The partners said the goal of the engineering partnership is to advance enterprise deployments of Apache Hadoop as well as to integrate hardware and software to help enterprises leverage advanced data analysis. The latter would be enabled through incorporation of real-time data streams into customers’ applications.
The partners said the initial effort would be the first in a family of appliances they will collaborate to develop known as “Dell Engineered Systems for Cloudera Enterprise.”
The partners contend that datacenters are becoming too complex for any one vendor to supply and they intend to deliver an integrated solution. Separately, Dell was recently designated a “visionary” in market research Gartner’s rankings of integrated computing, storage and networking companies.
Based on its collaboration with Intel and Cloudera, Dell claims its Hadoop-based enterprise appliance, or “big data solution stack” could allow some applications to run as much as 100 times faster than Hadoop MapReduce in-memory and as much as 10 times faster on disk.
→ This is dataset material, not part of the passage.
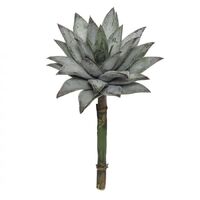 Rogue Water Lily Echeveria 21cm - Green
The increased performance would allow customers to “incorporate real-time data streams into their applications,” Dell CTO Sam Greenblatt said in a statement.
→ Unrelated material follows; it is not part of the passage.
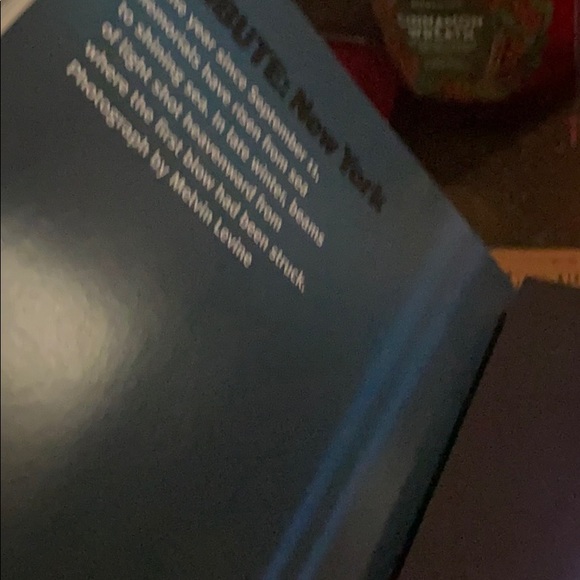 Life the American spirit meeting challenge of 911 - Picture 6 of 15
“Traditional systems isolate data and create silos that make exploration and collaboration hard,” added Mike Olson, Cloudera’s co-founder and chief strategy officer. “By putting that data into a modern enterprise data hub, customers can combine it and analyze it….”
The Dell In-Memory Appliances are based on the Cloudera Enterprise data hub that uses an open source version of Apache Hadoop. The appliances run on Dell R920 hardware that is based on Intel’s Xeon processor, the partners said. Cloudera Enterprise includes Apache Spark, a real-time analytics component that complements Hadoop.
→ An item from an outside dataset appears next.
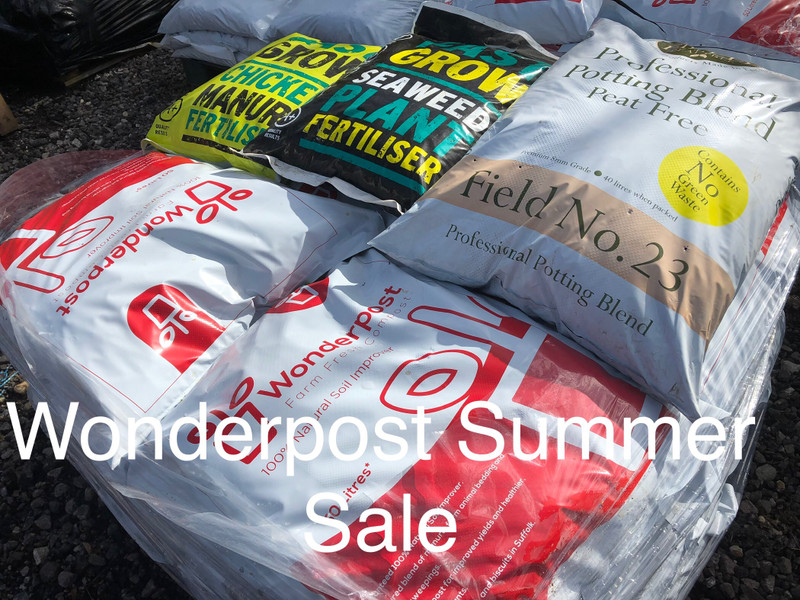 Wonderpost Summer Sale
The combination is said to make it easier to develop “unified big data applications combining batch, streaming and interactive analytics….” It is also being touted as compatible with existing datacenter infrastructure.
The partners said the in-memory appliances would be available in pre-configured versions that can be deployed based on customers’ applications.
For its part, processor maker Intel said it is continuing to invest in machine learning and graph analytics frameworks based on the open source Apache Hadoop platform, including Apache Spark. It is also working to optimize the platform to run on Xeon processors.
Together, the partners said they are attempting to build a “big data ecosystem” that combines data analytics hardware and software to move advanced data analytics to mainstream applications.
Beginning last year, Cloudera has been seeking to recast Hadoop as a centralized “data hub” for enterprises. The hub would serve as “one place to store and work with all data.”